Each of the stories is compelling. Chaon's prose is economical and powerful, and his characters are finely drawn - as they feel their own sense of immutable "real-ness" dissolving, they are vividly real to the reader.

The structure of the novel is a thing of beauty, and contributes to the overall power of the work. It is obvious from the start of the novel that all things are not what they seem, but Chaon is fair to the reader, and by the end of the novel one feels moved, not manipulated. ( )
  CasualFriday | Sep 30, 2009 |
I’m a sucker for character driven novels. I also love stories that intersect in surprising ways. It was obvious that I was going to enjoy this book from reading a review in Entertainment Weekly (no joke!). The story is based on three different story lines happening at different times, though you don’t know that until the final third of the book. There are three main characters: Miles Cheshire, who is looking for his schizophrenic brother Hayden; there’s Lucy Lattimore, who has run off with her charismatic high school teacher George Orson; then there’s Ryan Schuyler who discovers that his parents aren’t really his parents but his aunt and her husband. He meets his long lost father, Jay Kozekek. A lot of this novel interesects with the theme of self identity, but it also intersects in surprising ways. Rather than spoil it for you, just go ahead and read it. The first 2/3 is full of great characters and the final 1/3 connects those characters. A note about the pacing of the novel: the book isn’t particularly plot driven for the first 2/3. When do you do reach the final 1/3, it takes on a phrenetic pace. I particularly enjoyed the set up and the outcome of this book! Must read more Dan Chaon … ( )
  karenthecroccy | Sep 21, 2009 |
AMAZING!
Haunting, depressing, sad, incredible. It felt like reading a Hitchcock novel!
A book split into thirds, you don't know till the end how/why they are related,but it is un-put-downable.
A story about identity, loneliness, magicians, con-men, reinventing ones self, brothers, abandonment.
Ryan/Jay .. Miles... George/Lucy....Hayden....Mike Hayden.....Breez........
Chaon's fluid writing just keeps getting better!!! His character development is unmatched. ( )
  coolmama | Sep 10, 2009 |
What, exactly, defines a person’s identity and how is it distinct from one’s personality? Dan Chaon’s Await Your Reply weaves the stories of three characters whose lives intertwine in ways they cannot imagine in order to look at this question.
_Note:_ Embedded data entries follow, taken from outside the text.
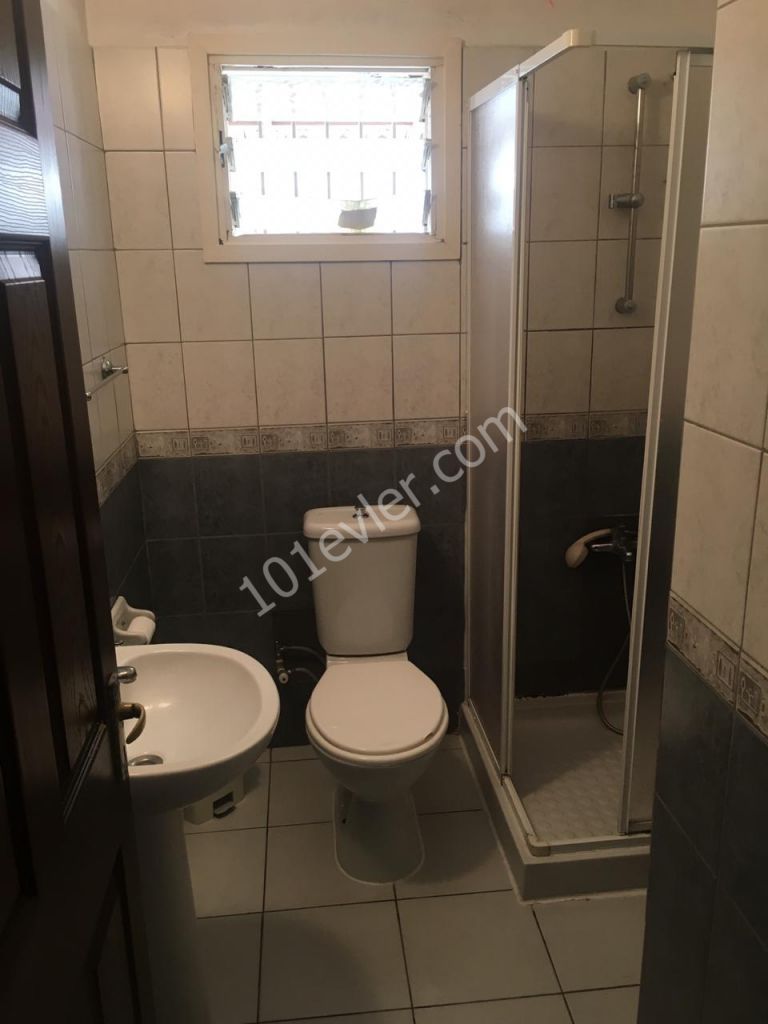 Flat To Rent in Yenikent, Nicosia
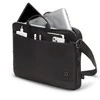 DICOTA Eco Slim Case MOTION 14-15,6"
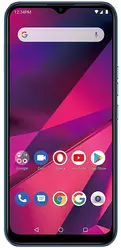 Galeria zdjęć telefonu BLU G90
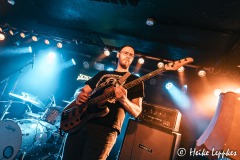 2024-08-09-Schubmodul-@-Parkhaus-01886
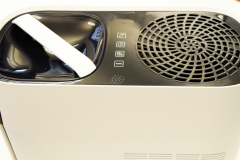 Soehnle-Airfresh-Hygro-500_01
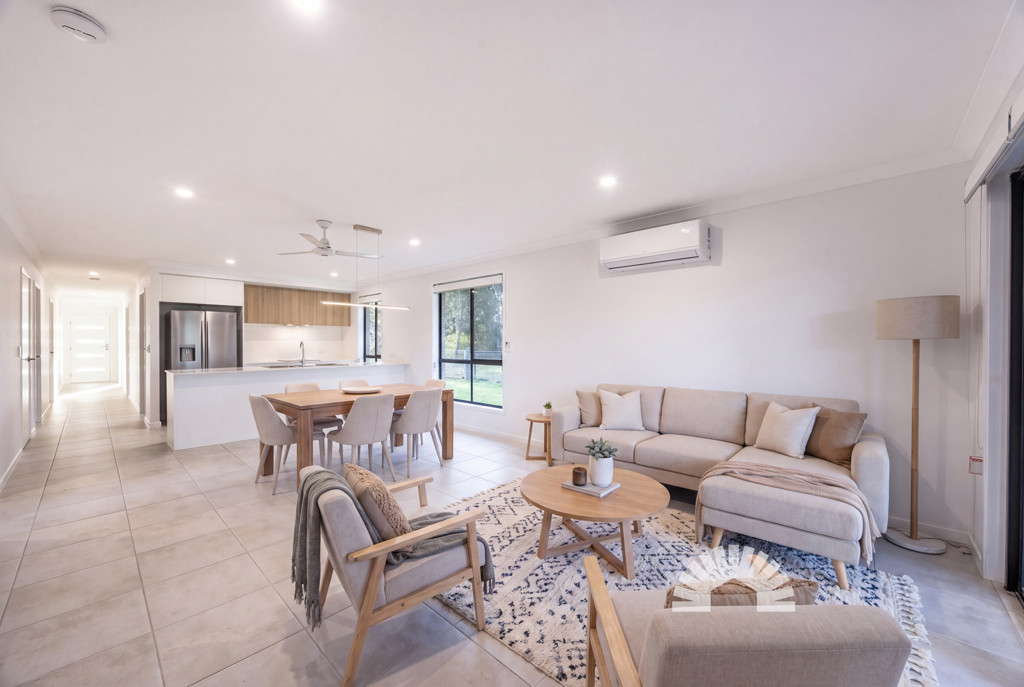 52 Moore Road<br />BURPENGARY EAST 4505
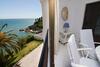 Apartamento Tuhillo 3b Menyber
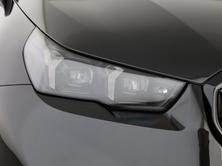 BMW M5 xDrive Touring, Plug-in-Hybrid Petrol/Electric, New car, Automatic - 6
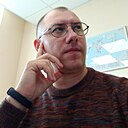 Михаил, 42 года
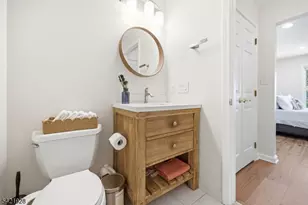 123 Barclay Dr, Nutley, NJ 07110 - Photo 26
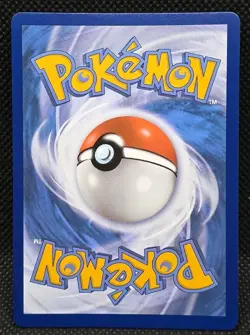 Cynthia's Ambition Full Art Ultra Rare SWSH09:Brilliant Stars 169/172 Pokemon - Image 2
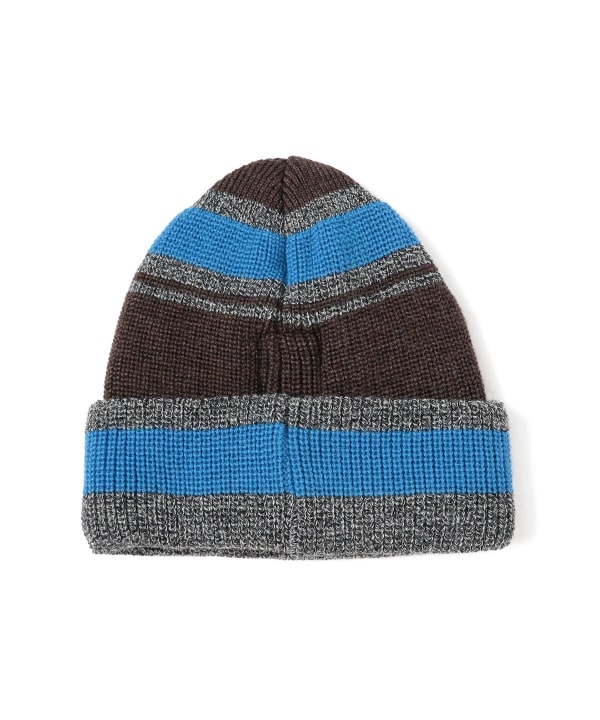 NOROLL / CONFECTION BEANIE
The story is written in chapters that alternate each of the main characters voices. In spite of the complex nature of the story, with multiple threads and timelines flowing one into the other, the story never gets too complicated to enjoy or loses its pacing.

The three storylines center around Ryan, a student whose discovery that he is adopted turns his once predictable future on its head; Miles, searching for his schizophrenic twin Hayden, who has kept in touch just enough to hook Miles into searching for him and not getting on with his own life; Lucy who runs away with her high school history teacher, searching for something more out of life.

All three of them have one thing in common, but it is up to the reader to figure out what it is. Each of the characters was believable, and the premise of the story so well relayed that it was natural to believe that this could really happen. This book kept me thinking all through the single afternoon in which I finished it. It was a gripping mystery, but at the same time, much more.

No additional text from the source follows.